In the listing below, find every line containing "Auckland" and copy it out.

── Data in this exercise ──

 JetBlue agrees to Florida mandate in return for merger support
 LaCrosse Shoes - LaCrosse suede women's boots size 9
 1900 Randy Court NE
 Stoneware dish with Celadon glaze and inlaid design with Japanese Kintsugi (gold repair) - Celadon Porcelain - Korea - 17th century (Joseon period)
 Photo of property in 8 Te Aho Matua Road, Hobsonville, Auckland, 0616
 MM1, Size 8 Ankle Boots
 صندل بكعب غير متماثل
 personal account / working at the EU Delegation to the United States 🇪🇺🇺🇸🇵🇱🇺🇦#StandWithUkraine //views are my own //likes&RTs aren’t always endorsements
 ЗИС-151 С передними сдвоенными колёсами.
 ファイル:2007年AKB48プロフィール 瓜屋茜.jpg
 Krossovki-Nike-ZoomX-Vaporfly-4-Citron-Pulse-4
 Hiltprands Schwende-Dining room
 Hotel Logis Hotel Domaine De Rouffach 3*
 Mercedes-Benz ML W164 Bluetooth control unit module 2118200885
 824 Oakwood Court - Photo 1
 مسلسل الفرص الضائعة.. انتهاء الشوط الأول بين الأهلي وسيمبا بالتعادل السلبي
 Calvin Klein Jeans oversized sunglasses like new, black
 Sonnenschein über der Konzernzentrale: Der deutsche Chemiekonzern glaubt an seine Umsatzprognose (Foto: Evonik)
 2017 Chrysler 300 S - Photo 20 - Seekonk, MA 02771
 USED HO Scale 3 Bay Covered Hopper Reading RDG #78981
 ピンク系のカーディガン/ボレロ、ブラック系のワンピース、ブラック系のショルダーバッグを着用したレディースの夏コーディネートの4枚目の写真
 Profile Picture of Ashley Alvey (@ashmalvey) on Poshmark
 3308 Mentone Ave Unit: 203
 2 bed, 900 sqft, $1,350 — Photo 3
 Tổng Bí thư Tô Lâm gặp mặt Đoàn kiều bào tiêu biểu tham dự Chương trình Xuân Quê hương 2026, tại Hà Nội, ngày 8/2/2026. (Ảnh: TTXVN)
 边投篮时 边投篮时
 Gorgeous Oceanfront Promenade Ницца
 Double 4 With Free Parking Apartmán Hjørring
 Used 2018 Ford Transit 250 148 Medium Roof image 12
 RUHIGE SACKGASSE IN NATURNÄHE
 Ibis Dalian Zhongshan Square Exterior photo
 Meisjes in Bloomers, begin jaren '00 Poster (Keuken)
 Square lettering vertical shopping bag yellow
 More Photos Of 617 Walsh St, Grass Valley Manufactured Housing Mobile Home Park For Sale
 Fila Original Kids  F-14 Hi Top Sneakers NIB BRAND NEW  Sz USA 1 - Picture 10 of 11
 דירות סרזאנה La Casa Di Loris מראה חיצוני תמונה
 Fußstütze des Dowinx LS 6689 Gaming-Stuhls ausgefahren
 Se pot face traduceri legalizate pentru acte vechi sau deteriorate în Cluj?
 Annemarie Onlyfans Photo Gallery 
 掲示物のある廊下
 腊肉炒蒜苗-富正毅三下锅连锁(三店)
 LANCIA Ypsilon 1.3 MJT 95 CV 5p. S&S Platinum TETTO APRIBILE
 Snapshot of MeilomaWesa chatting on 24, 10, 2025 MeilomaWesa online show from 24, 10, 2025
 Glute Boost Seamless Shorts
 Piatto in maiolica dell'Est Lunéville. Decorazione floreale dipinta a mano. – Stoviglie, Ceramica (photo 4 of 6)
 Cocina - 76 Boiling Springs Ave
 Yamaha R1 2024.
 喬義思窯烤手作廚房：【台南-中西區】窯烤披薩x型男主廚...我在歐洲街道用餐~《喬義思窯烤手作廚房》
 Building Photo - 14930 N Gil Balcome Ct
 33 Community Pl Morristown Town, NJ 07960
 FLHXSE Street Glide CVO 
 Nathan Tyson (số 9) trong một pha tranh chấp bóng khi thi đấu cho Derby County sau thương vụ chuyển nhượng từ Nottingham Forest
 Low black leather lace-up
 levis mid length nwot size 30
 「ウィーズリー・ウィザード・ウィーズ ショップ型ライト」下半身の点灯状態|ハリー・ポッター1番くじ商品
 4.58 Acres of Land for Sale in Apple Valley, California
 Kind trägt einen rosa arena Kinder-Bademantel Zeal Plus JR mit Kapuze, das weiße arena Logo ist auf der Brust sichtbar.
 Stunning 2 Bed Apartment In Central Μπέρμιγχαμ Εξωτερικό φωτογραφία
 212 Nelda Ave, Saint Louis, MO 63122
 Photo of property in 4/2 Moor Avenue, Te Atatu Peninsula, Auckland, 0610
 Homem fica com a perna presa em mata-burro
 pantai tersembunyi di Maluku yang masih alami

───

• **Response to the task**
 Photo of property in 8 Te Aho Matua Road, Hobsonville, Auckland, 0616
 Photo of property in 4/2 Moor Avenue, Te Atatu Peninsula, Auckland, 0610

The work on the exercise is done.